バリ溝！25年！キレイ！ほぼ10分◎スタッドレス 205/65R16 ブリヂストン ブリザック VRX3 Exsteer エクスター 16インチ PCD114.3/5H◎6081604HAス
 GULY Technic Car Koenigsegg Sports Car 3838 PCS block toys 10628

...

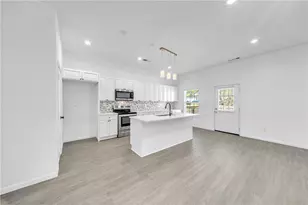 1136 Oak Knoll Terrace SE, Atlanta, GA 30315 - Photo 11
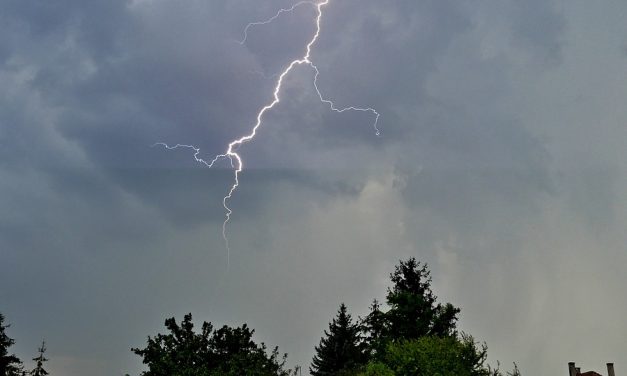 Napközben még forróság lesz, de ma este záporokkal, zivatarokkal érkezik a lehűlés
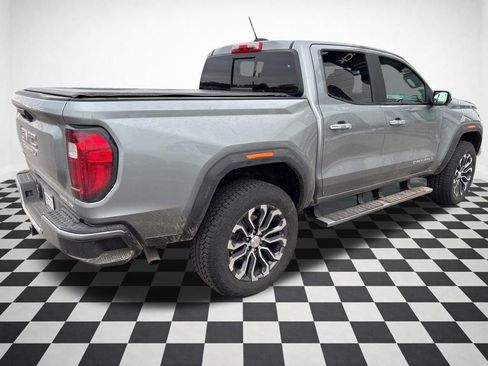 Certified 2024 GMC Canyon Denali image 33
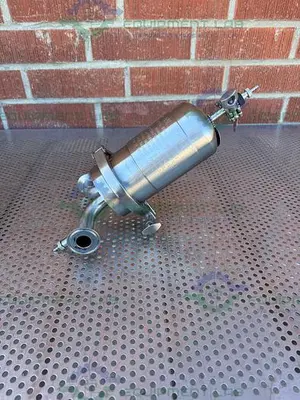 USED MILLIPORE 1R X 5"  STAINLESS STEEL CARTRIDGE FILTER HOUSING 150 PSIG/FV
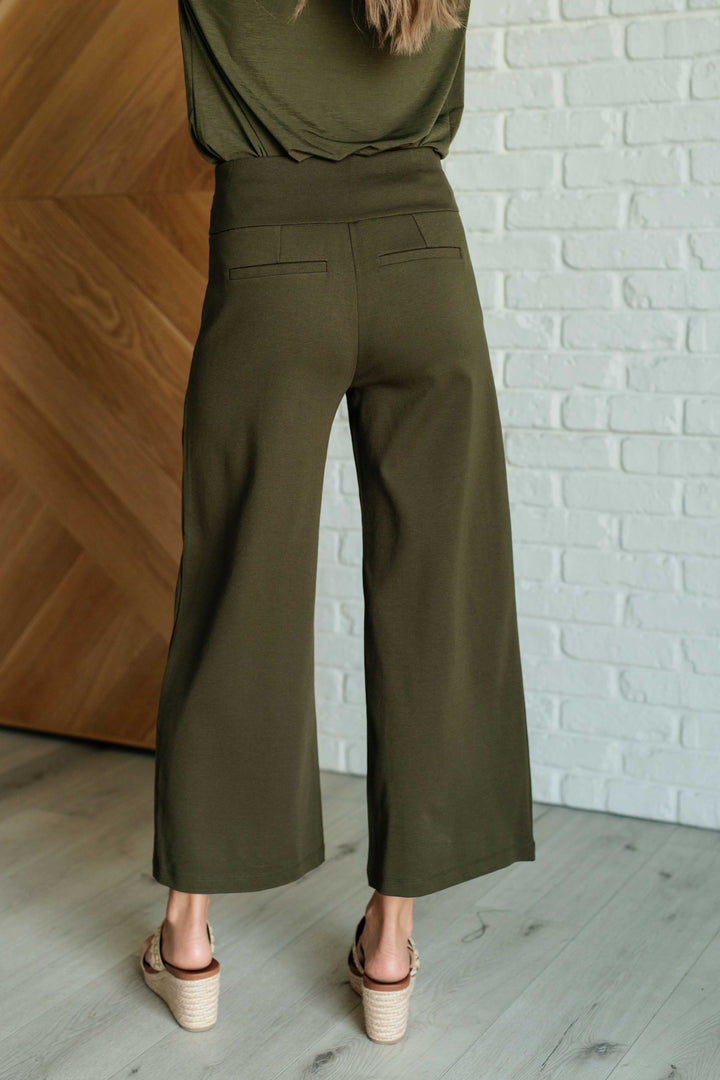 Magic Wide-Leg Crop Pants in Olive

» **Assigned task**:
Using the data above, set down each line from the line with "Certified 2024 GMC Canyon Denali image 33" to the line with "Magic Wide-Leg Crop Pants in Olive" exactly, both ends included, and leave the pictures behind. Nothing else belongs.

» **Task solution**:
 Certified 2024 GMC Canyon Denali image 33
 USED MILLIPORE 1R X 5"  STAINLESS STEEL CARTRIDGE FILTER HOUSING 150 PSIG/FV
 Magic Wide-Leg Crop Pants in Olive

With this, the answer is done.